**DATA**.
■ ■ ■ ■

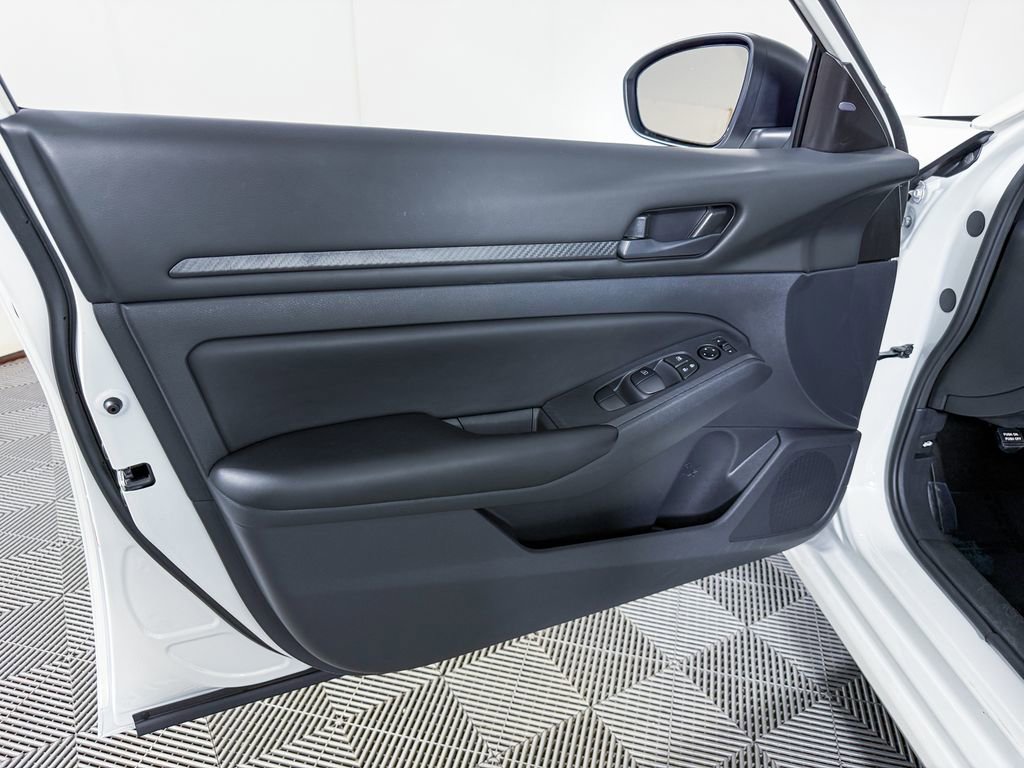 Certified 2025 Nissan Altima 2.5 S image 33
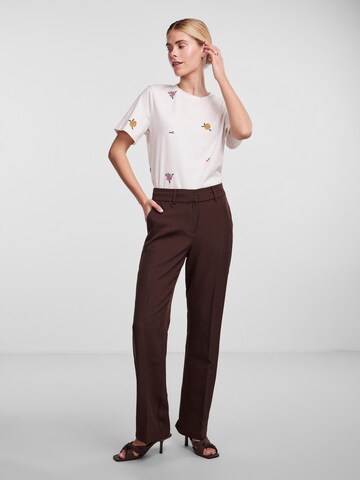 Flared Pantaloni con piega frontale 'BLURIS' di Y.A.S in marrone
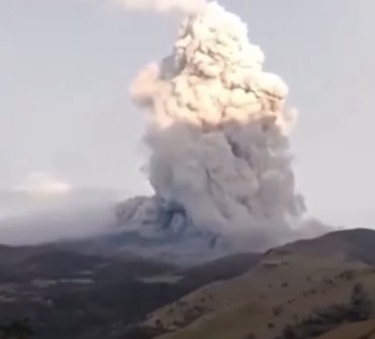 Volcán Puracé emite ceniza y gases en suroeste de Colombia y afecta aeropuerto de Popayán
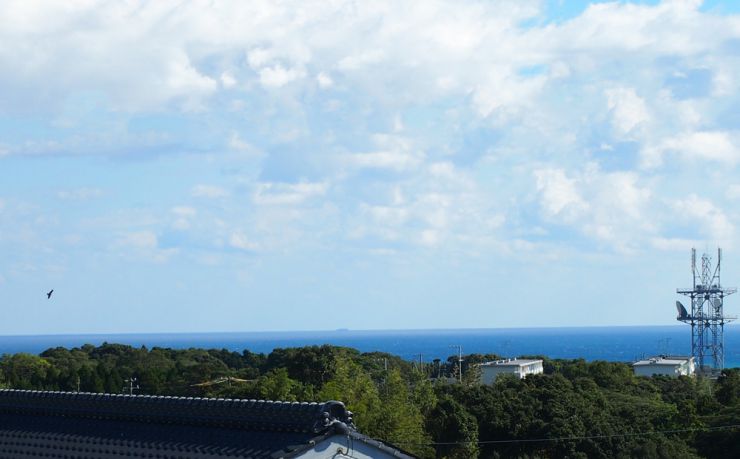 海が見えて非常に見晴らしの良い二階からの眺めです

■ ■ ■ ■

Everything in the data except the pictures needs to be written out exactly.

**RESULT OF THIS TASK**.
 Certified 2025 Nissan Altima 2.5 S image 33
 Flared Pantaloni con piega frontale 'BLURIS' di Y.A.S in marrone
 Volcán Puracé emite ceniza y gases en suroeste de Colombia y afecta aeropuerto de Popayán
 海が見えて非常に見晴らしの良い二階からの眺めです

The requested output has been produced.